No, No I Will Not Call You Doctor: Medical vs. Doctorate Debate
June 16, 2014
I get it people are proud of their accomplishments and I don’t mean to diminish the amount of work it takes to get advanced degrees; but, it’s pompous, pretentious and when taken out of context confusing when people outside of the medical community, who have received a doctorate demand that people refer to them as “doctor,” everywhere. And if anyone knows about being pompous and pretentious-well I’m writing the book (quite literally-reformed-for the most part).
Academically yes, use the term; however, when a local meteorologist is telling the greater Phoenix area it’s going to be sunny and hot, (there’s a 90% chance of guessing the weather correctly) I wince every time I hear the anchors pitch to the meteorologist Dr. Matt Pace. Unless Dr. Pace can also hand suture my severed arm back on to my torso after I’m blown apart by a freak Arizona tornado, I’m not calling him doctor.
And the news station responsibly should also put the letters Ph.D in Meteorology after his name. Yes, it’s implied but I’ve had to explain to extrememly educated people (who shall remain nameless) that this guy has a Ph.D and not an actual medical doctor. (I know but they really are smart (and maybe a little drunk at the time) but it’s not such a stretch when you look at the Twitter handle @DrMatt12News-it’s pretentious when he discusses haboobs and doesn’t handle the boobs. What about something weather related to the Twitter handle? Like MonsoonMatt?
I remember having a conversation with a very pretentious Stanford grad who was droning on and on about my “State” school education vs. his “Stanford” education and for once I just let it go.
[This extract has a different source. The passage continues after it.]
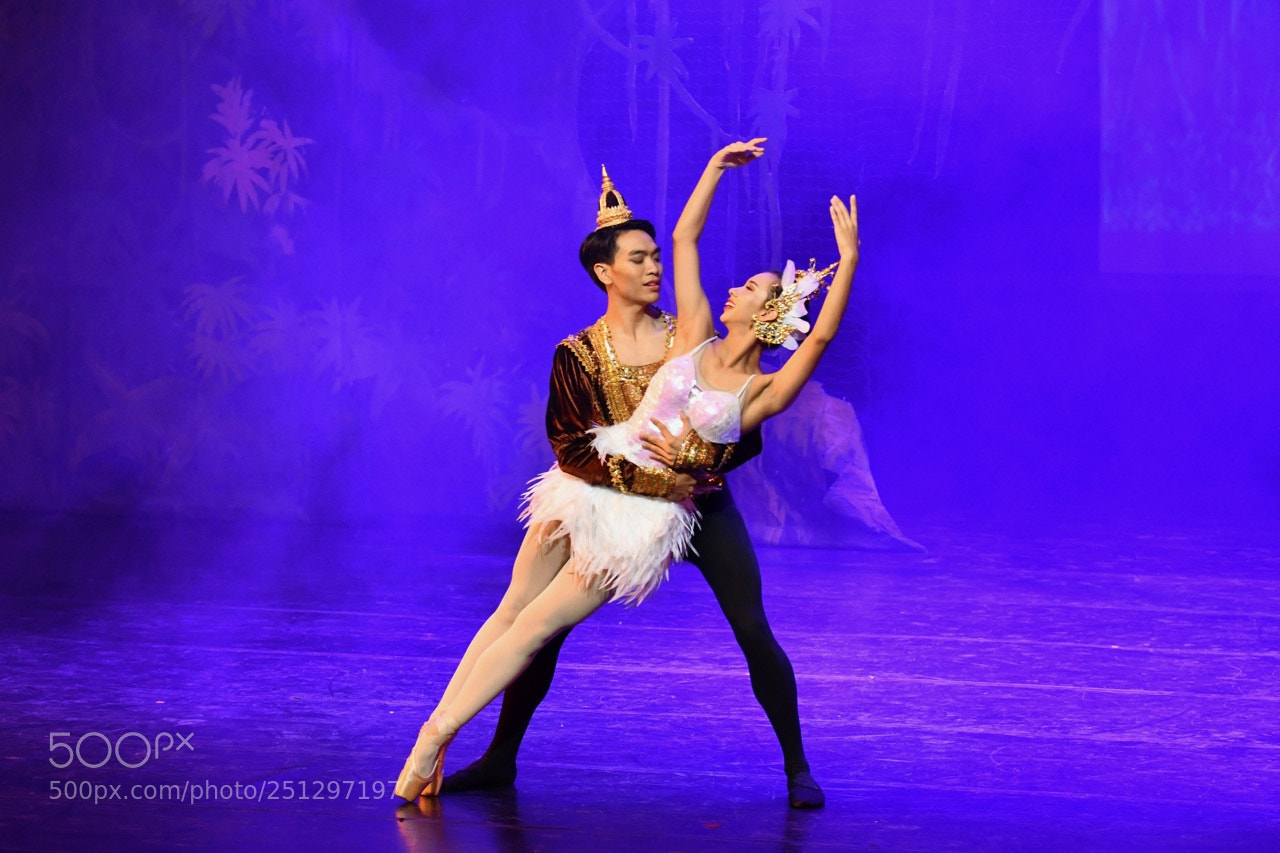 Nikon D500 sample photo. Manorah fantasy & peter pan 2018 photography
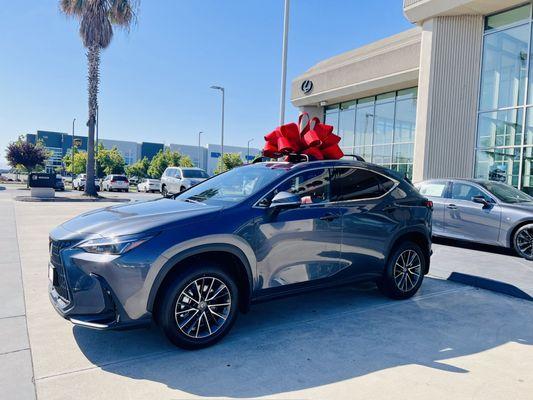 Lexus NX 300H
Finally someone at the table said, “You do realize we all know you make about $60K as an engineer and she makes over $250K in sales?”
It’s really not about how much money you make or how educated you are, it’s about how much of an asshole you really want to be. I do believe that receiving your doctorate could be rewarded and used in contract negotiations if the person with an advanced degree can show practical application and real world experience to support the position. Just because someone has a doctorate or M.B.A doesn’t automatically in my mind equate with them with “expert.” I know many an “expert,” who just never wanted to get jobs and went to school forever. I’d hire someone with real world experience over a million advanced degrees without practical application in most circumstances.
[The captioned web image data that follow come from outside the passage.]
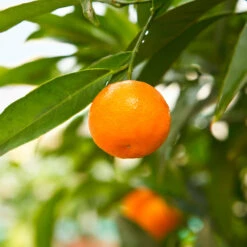 California Honey Mandarin Tree 9 California Honey Mandarin Tree -Fast Growing Trees California Mandarin 3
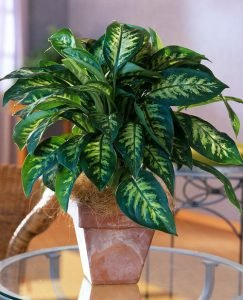 10 Easy-Peasy Houseplants (Growing Them is a Cinch!)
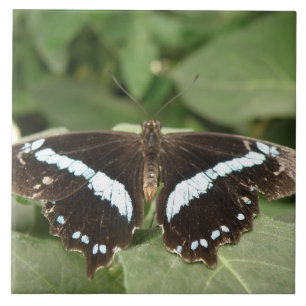 Black and White Tropical Tropical Butterfly Tile
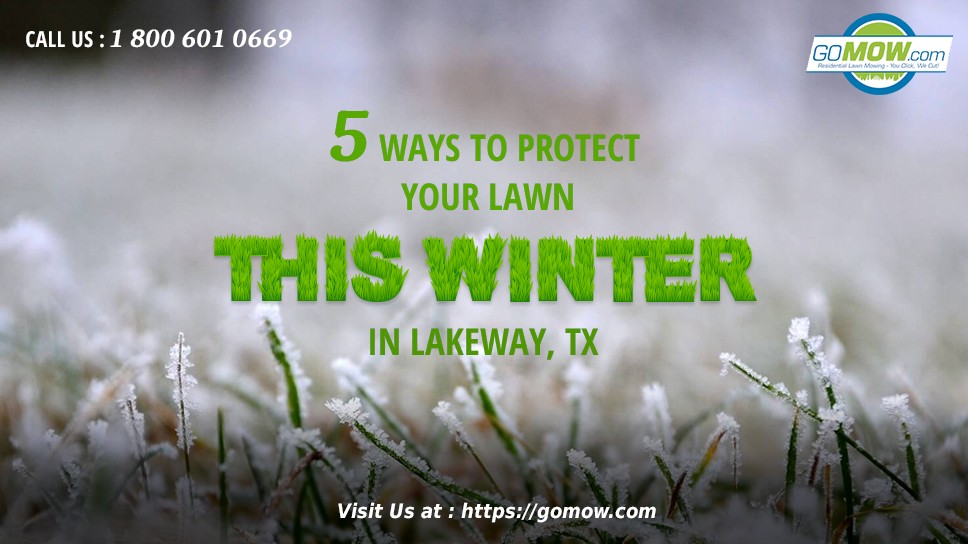 5 Ways To Protect Your Lawn This Winter In Lakeway, TX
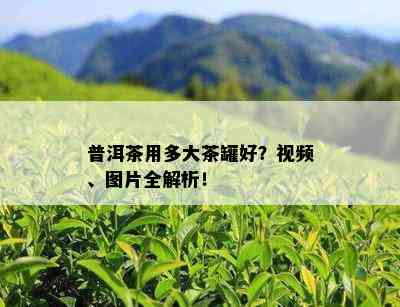 普洱茶用多大茶罐好？视频、图片全解析！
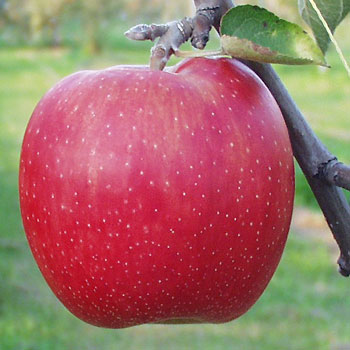 「ジョナゴールド」おもいっきり、甘酸っぱいりんごを体験できます。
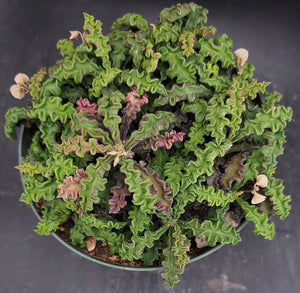 Euphorbia decaryi v. spirosticha *Big Plant*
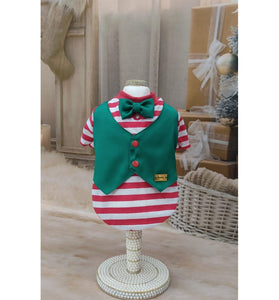 T-SHIRT ENCANTO COLETE VERDE ELFO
Nurses also get doctorates and some (not all) demand to be referred to as Doctor Nurse? What the fuck? It’s like everyone gets a trophy: The Education Edition. Again my background is in medicine and in that world the term doctor means you can fix someone either with stiches or shots but not by telling people it’s sunny outside. I understand the schools are teaching students who likely overpaid for their education that they have a “right” to be called “doctor.”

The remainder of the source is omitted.